Alors voilà, j’ai passé 8h30 à l’aller et 7h30 au retour dans un avion, ce gros truc qui me faisait peur et je m’en foutais. Mon seul souci fut finalement que je n’ai pas réussi à dormir sur ces sièges inconfortables qui me faisaient mal aux fesses. Pourtant, on nous a servi du rhum et du vin à chaque repas. J’ai même regardé Benjamin Button et j’ai juste somnolé quelques minutes. Pourtant, ce film est d’un ennui pas possible, j’ai été super déçue. J’avais aimé Forrest Gump parce que j’avais une dizaine d’années, là, non, ce genre de fresque de vie avec l’amour rencontré dans les jeunes années… Et encore, on nous évite le Vietnam. Bref, la seule chose que je retiendrai de ce film c’est le fait que certaines femmes que je trouve laides d’ordinaire peuvent parfois être sublimes. Cate Blanchett, reste rousse, je te jure que ça te va divinement bien. Je suis passée ensuite à deux épisodes de Desperate Housewives (déjà vus) et deux épisodes de
Friends (je me demande s’il existe des épisodes de Friends que je n’aurais pas vus). De temps en temps, je regardais le trajet et la caméra sous l’avion. Ca, c’est trop bien surtout quand on vole de jour et sans nuage, sinon, ça n’a pas le moindre intérêt. Par contre, ils nous l’ont coupé au décollage et à l’atterrissage et vu qu’Anthony m’avait volé ma place à côté du hublot, je n’ai pas pu voir la Martinique vue du ciel (ceci étant dit, on la survole quasi pas avant d’atterrir).

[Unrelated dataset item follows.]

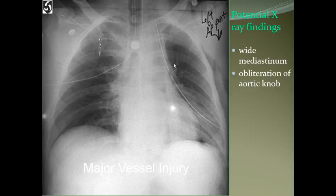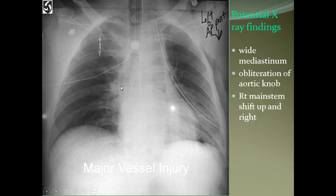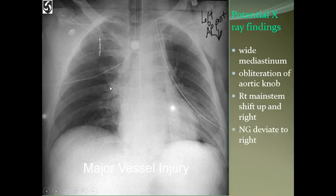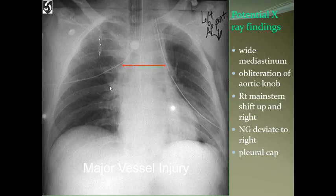There is a widened mediastinum — you have to comment on this. There is obliteration of the aortic knob; you cannot see the aortic knuckle. The right mainstem bronchus is somewhat elevated and the NG (nasogastric) tube is deviated to the right. There is also a pleural cap sign.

Alors voilà, maintenant, je sais que j’ai le pouvoir : je peux voyager dans le monde. J’ai pu traverser l’Atlantique, chose que je pensais impossible y a quelques années donc l’univers des possibles s’ouvre à moi. Ce côté-là est super exaltant même si j’ai conscience que je m’emballe un peu pour rien.

Mais pour être tout à fait honnête, j’ai été  légèrement déçue, un peu comme un tour de montagne russe qui ne fait pas peur du tout. Je voulais affronter une peur mais finalement, je n’avais plus cette phobie, j’étais plus dans une peur d’avoir peur. Finalement, une fois en l’air, on oublie, on s’occupe. On regarde la télé, on sudokute (un peu), on lit des magazines (en fait pas du tout), on dort (non, j’y arrive pas, j’ai mal au cul. A cause des sièges !). Je me suis même levée pour amener Voici à ma mère et pour aller faire pipi.





Et voilà, tout ça pour ça. La semaine prochaine, je vais dans un vivarium caresser un serpent. Non, je déconne, ça, j’en ai vraiment peur. La preuve, quand je suis allée en Suède, à L’Universerum (un truc du genre), y avait un vivarium. A un moment, un serpent a bougé, j’ai fait un bond en arrière.

Ouais, je vais la garder cette phobie.